*** Input material

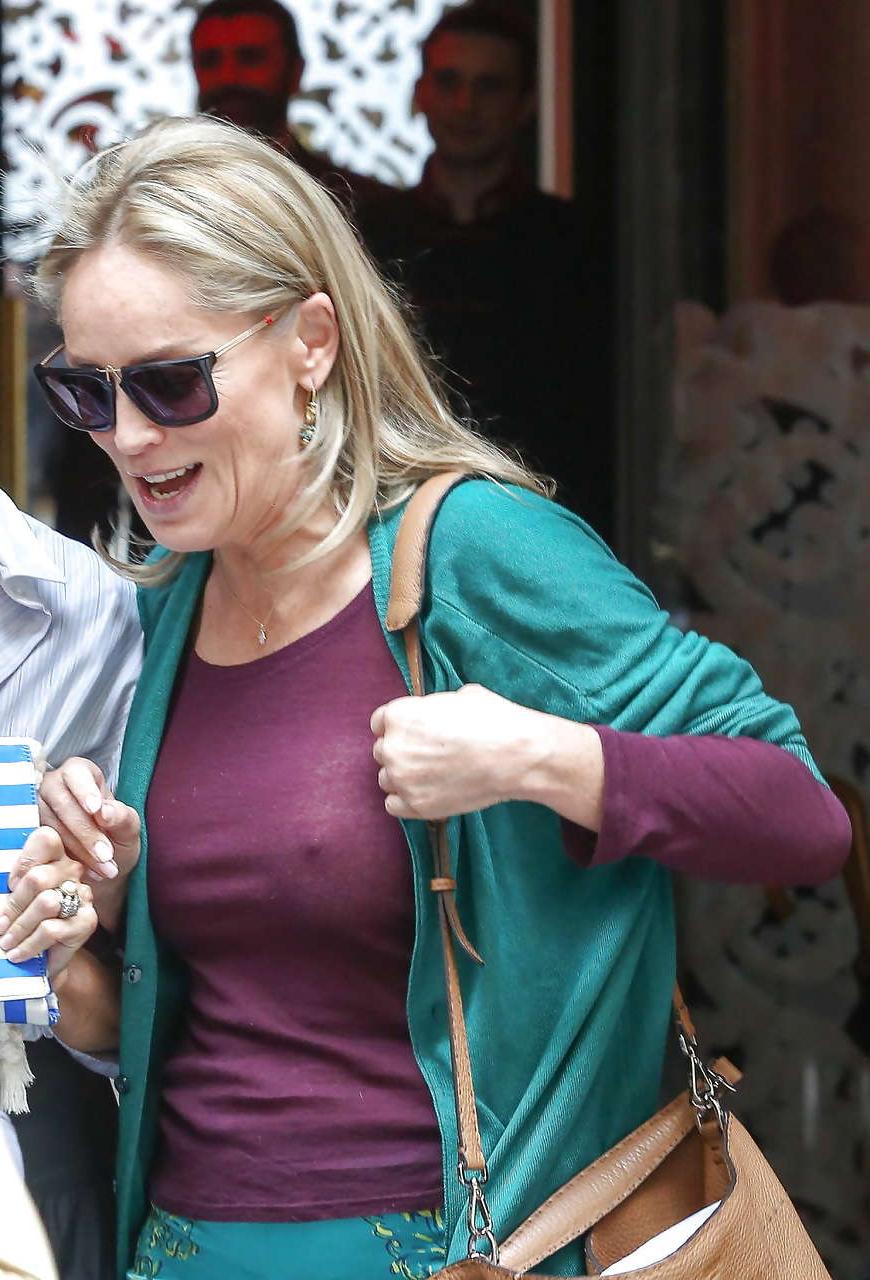 16P Sharon Stone exposing great boobs in see thru shirt on street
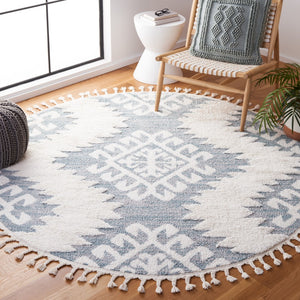Safavieh Moroccan Tassel Shag Area Rug In Teal And Ivory – Global Inspired Decor For Elegant Spaces Teal ,Ivory Polypropylene Pile Mts652k-26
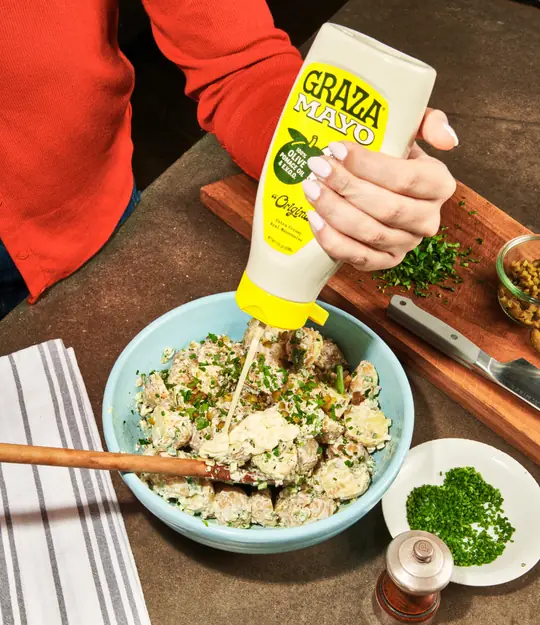 Graza short-form post: a hand squeezing Original Mayo from a yellow Graza bottle over a bowl of potato salad.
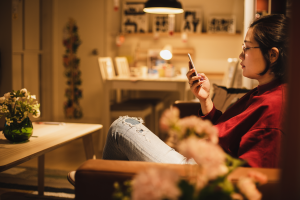 woman researching whether lockdown will be extended over Christmas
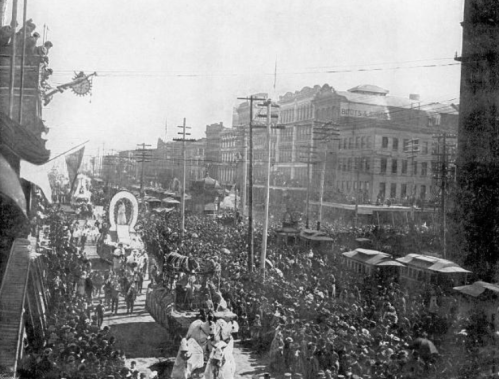 A historic parade with crowds lining the streets, featuring floats and buildings in the background.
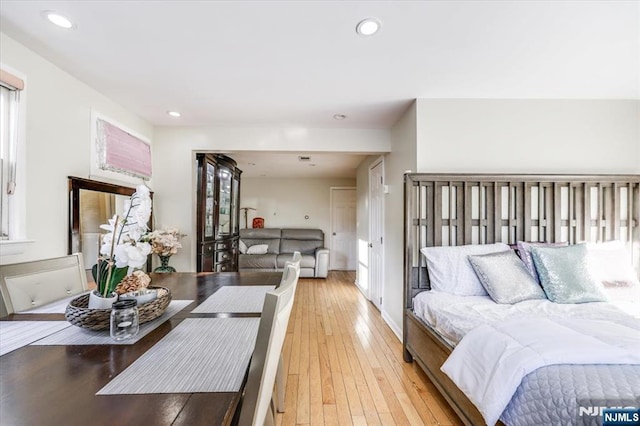 bedroom with light hardwood / wood-style flooring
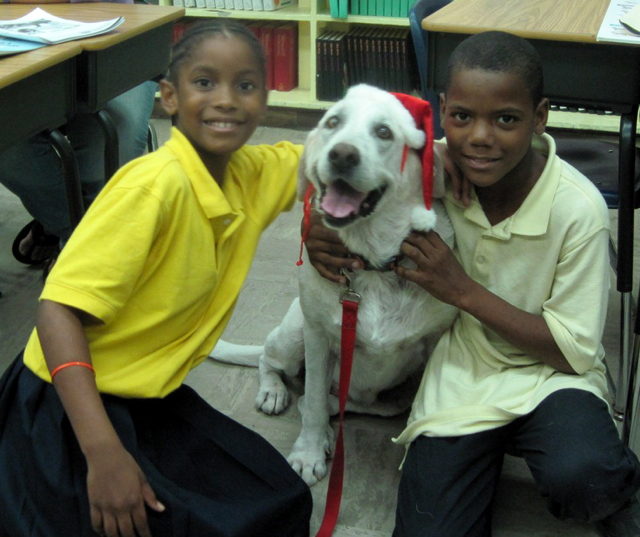 Magnolia helps teach Kiahra Boynes and Danny Perez how to care for dogs.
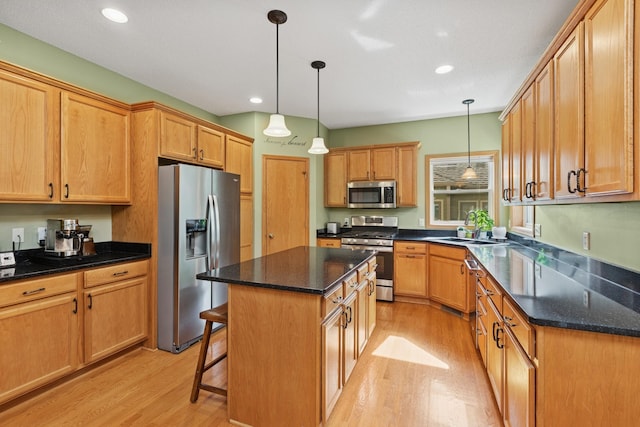813 Quie Ln, Northfield, MN 55057 - kitchen featuring appliances with stainless steel finishes, light wood finished floors, a kitchen island, a kitchen breakfast bar, and recessed lighting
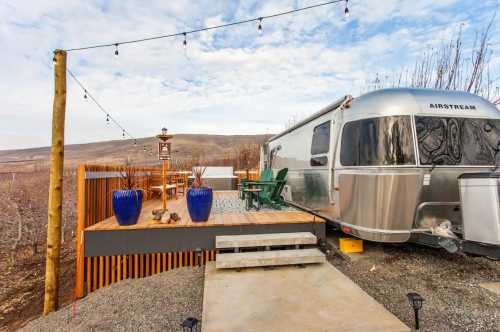 A silver Airstream trailer beside a wooden deck with chairs, planters, and string lights against a scenic landscape.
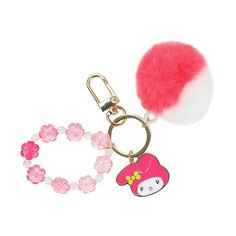 a key chain with a pom - pom attached to it and a hello kitty charm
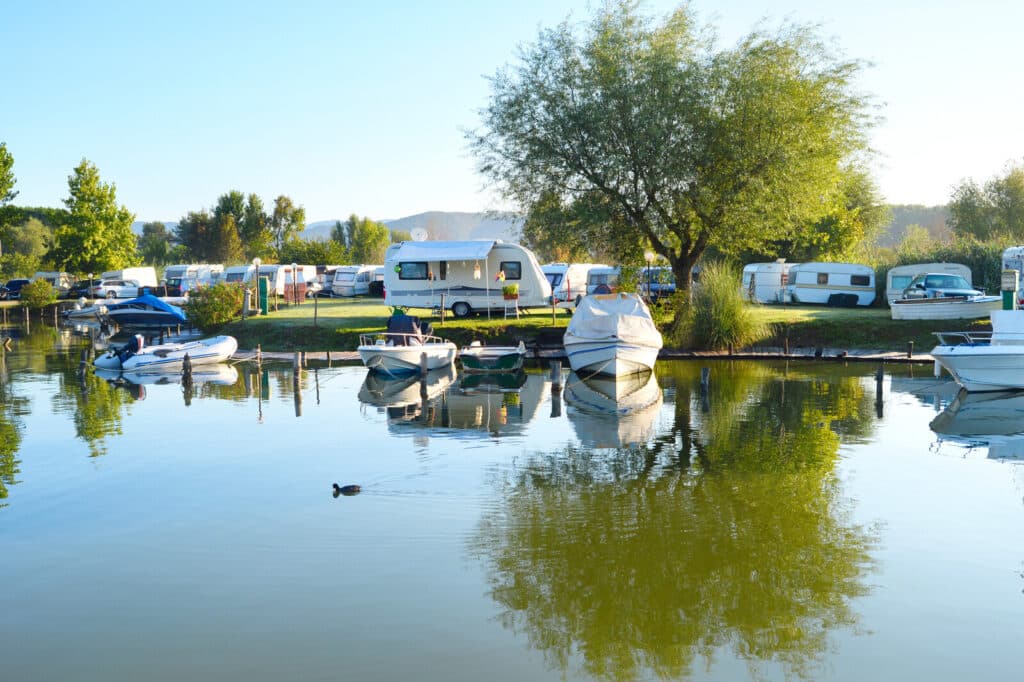 RVs and marine vehicles at an outdoor recreational area.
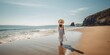 A tourist woman in white dress and hat enjoys the beautiful beach, created with Generative AI technology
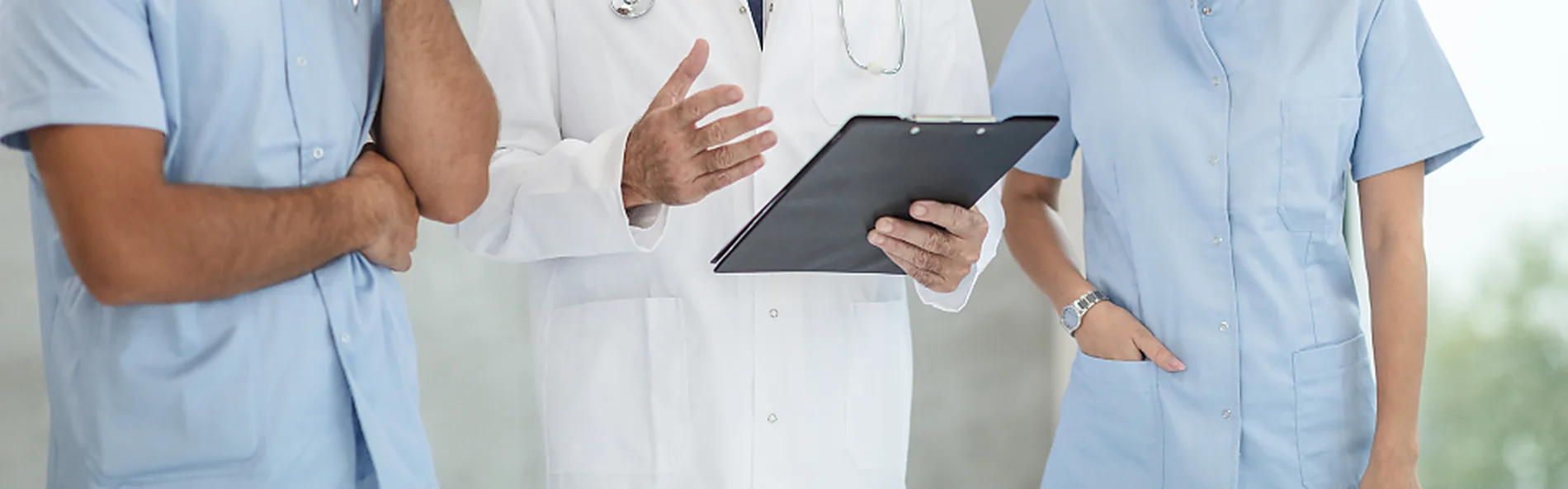 Clinicians reviewing a patient chart together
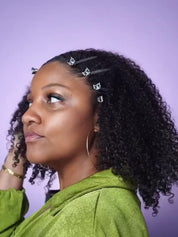 Model Règan wearing a wash-and-go, shaking her hair after using Soft Rows Supreme Strength Deep Conditioning Mask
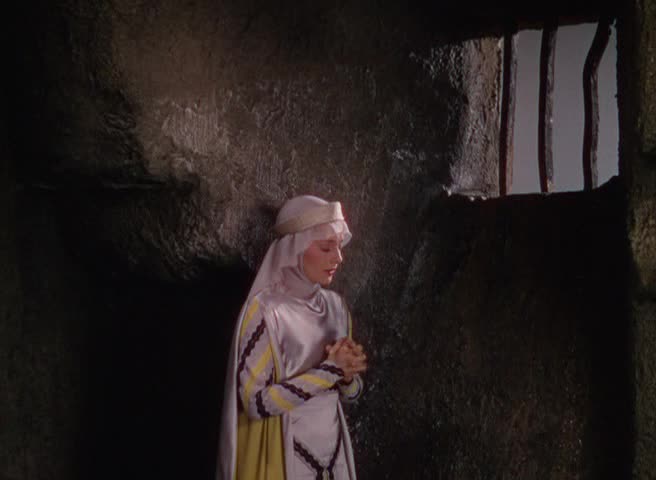 Marion, spilt av Olivia de Havilland, iscenesettes som om hun skulle være en kristen helgen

******

Only the lines from the one containing "a key chain" through the final line of the material should appear in the answer, copied exactly and without any picture.

*Result for this task*
 a key chain with a pom - pom attached to it and a hello kitty charm
 RVs and marine vehicles at an outdoor recreational area.
 A tourist woman in white dress and hat enjoys the beautiful beach, created with Generative AI technology
 Clinicians reviewing a patient chart together
 Model Règan wearing a wash-and-go, shaking her hair after using Soft Rows Supreme Strength Deep Conditioning Mask
 Marion, spilt av Olivia de Havilland, iscenesettes som om hun skulle være en kristen helgen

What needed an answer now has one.